Artificial Intelligence is the hottest buzzword in computing and business at the moment, and Machine Learning is the cutting edge. If you’re looking to expand your horizons as an IT professional or harness technology to move your business forward, an understanding of how it works will be a huge advantage in the next few years.
I’ve written a basic introduction to the terms AI and ML here, and this article is for those who want to look into the subject a little bit more deeply. There are already a large number of well-supported frameworks available which allow anyone to jump in at the deep-end and by process of trial and error, learn how to use machine learning to solve real-world problems.
These platforms highlighted below vary in complexity and beginner-friendliness. Some of them are fully fledged “as a service” cloud offerings from big players, while some are extensions of existing toolkits like Spark and Python. But one thing they all have in common is a huge amount of freely available help and guidance on the internet.
Amazon Machine Learning
Part of the Amazon Web Services package, AML is a standalone ML development environment, aimed at those who want to get to grips with the subject without getting their hands dirty with coding in Python or other languages. It uses wizards and visualization tools to enable ML operations on data stored in AWS. This may be a limitation if you have data elsewhere that you wish to analyze, but the simple to follow tutorials make it a great introductory tool.
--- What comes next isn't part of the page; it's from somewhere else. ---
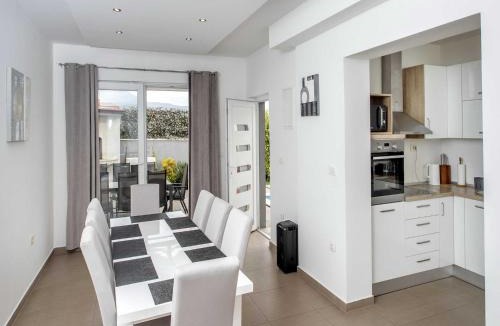 Stobrec Apartment | Apartment Villa Andelka with Swimming Pool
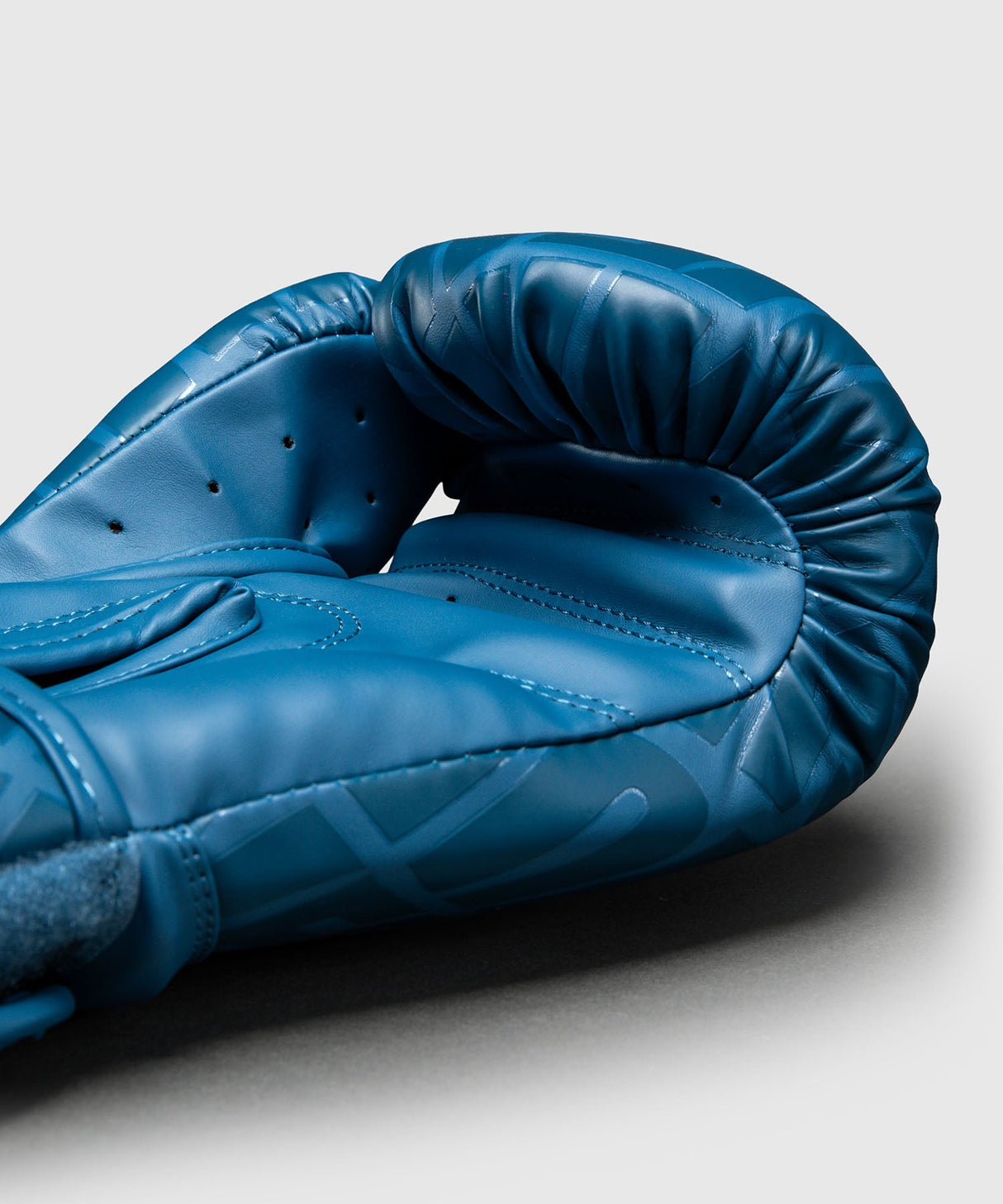 Venum Contender 1.5 XT 3D Boxhandschuhe Marineblau - 3D-Logo Detail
Some great resources for Amazon Machine Learning:
- Amazon Machine Learning developer guide
- Amazon Machine Learning discussion forum
- Introduction to the Principles and Practices of AML – CloudAcademy
- Getting Started with Amazon Machine Learning on YouTube
Google developed TensorFlow to build machine learning into its own systems, but have now released the framework as open source software. TensorFlow is said to have replaced earlier technologies at Google for the purposes of developing the AI backbone to its core services such as search, Gmail, and its speech recognition applications. At the moment it is accessed through Python or C++ interfaces so coding knowledge is necessary to jump in and start using it, but there are plenty of resources online to help you get to grips with the fundamentals.
Some great resources for TensorFlow:
Azure Machine Learning Studio
Microsoft has Open Sourced several Machine Learning libraries such as the Distributed Machine Learning Toolkit (DMTK) but AMLS is its as-a-service framework, aimed at enabling organizations to get to grips with deploying machine learning solutions in the Azure cloud.
It offers users a free trial with 10GB of storage and full access to its algorithm libraries for eight hours – enough time to get your head around how it works.
Some great resources for Azure Machine Learning Studio:
- Azure Machine Learning Cheat Sheet
- Microsoft Azure Essentials: Machine Learning Free eBook from Microsoft
This open source platform is another “complete package” solution, offering a web-based user interface alongside access to a library of machine learning routines and algorithms, designed to simplify the process of getting started with ML. It supports working with Excel, R Studio and Tableau and can read data from Hadoop systems, Amazon’s S3 as well as SQL and noSQL databases.
Some great resources for H2O:
Caffe is one of the original deep learning libraries, created by UC Berkley’s AI research lab, and released as open source. As it’s a library it still requires the ability to connect through a programming language (C++, Python, and Matlab interfaces are supported) and it includes pretrained models for recurrent and convolutional neuro networks, which provide the foundation of a lot of today’ most exciting ML work. Like most of the frameworks here is can run using either CPU or more powerful and costly NVidia CUDA GPUs – using the latter it is said to be able to process over 60 million images in a single day. Typically training will be carried out using GPU hardware, before applications are deployed across user machines which are more likely to use CPUs, for less processor-intensive day-to-day use.
A great resource for Caffe:
- NVidia – Getting started with Caffe on YouTube
MLlib is a scalable machine learning library for Apache Spark, so if you already have got to grips with that, then this could make the ideal starting point for an exploration of ML. Spark is one of the most widely used and supported Apache open source projects right now which means there is a wealth of resources for its in-memory data processing framework, with new algorithms continuously in development. Well used algorithms already exist for common ML techniques such as image classification, clustering, decision trees, and regression modelling.
Some great resources for MLlib:
Torch is a widely used open source machine learning development framework, which among many other applications was used in development of much of the AI tech in use by Facebook and Twitter. It allows complex neural net based algorithms to be run across GPU hardware without the need for coding at hardware level. Torch applications are scripted using the LUA programming language, making it a natural choice for those who prefer that language to Python.
Some great resources for Torch:
This list is simply an introduction to a few of the most popular toolkits, extensions and resources for learning and deploying machine learning solutions. Honorable mentions should also go to scikit-learn, Theano, Keras, Veles and Apache Singa. With the huge growth of interest in AI and specifically ML, it’s likely we will see more packages and services designed at lowering the barriers to getting started with this cutting-edge technology in the near future.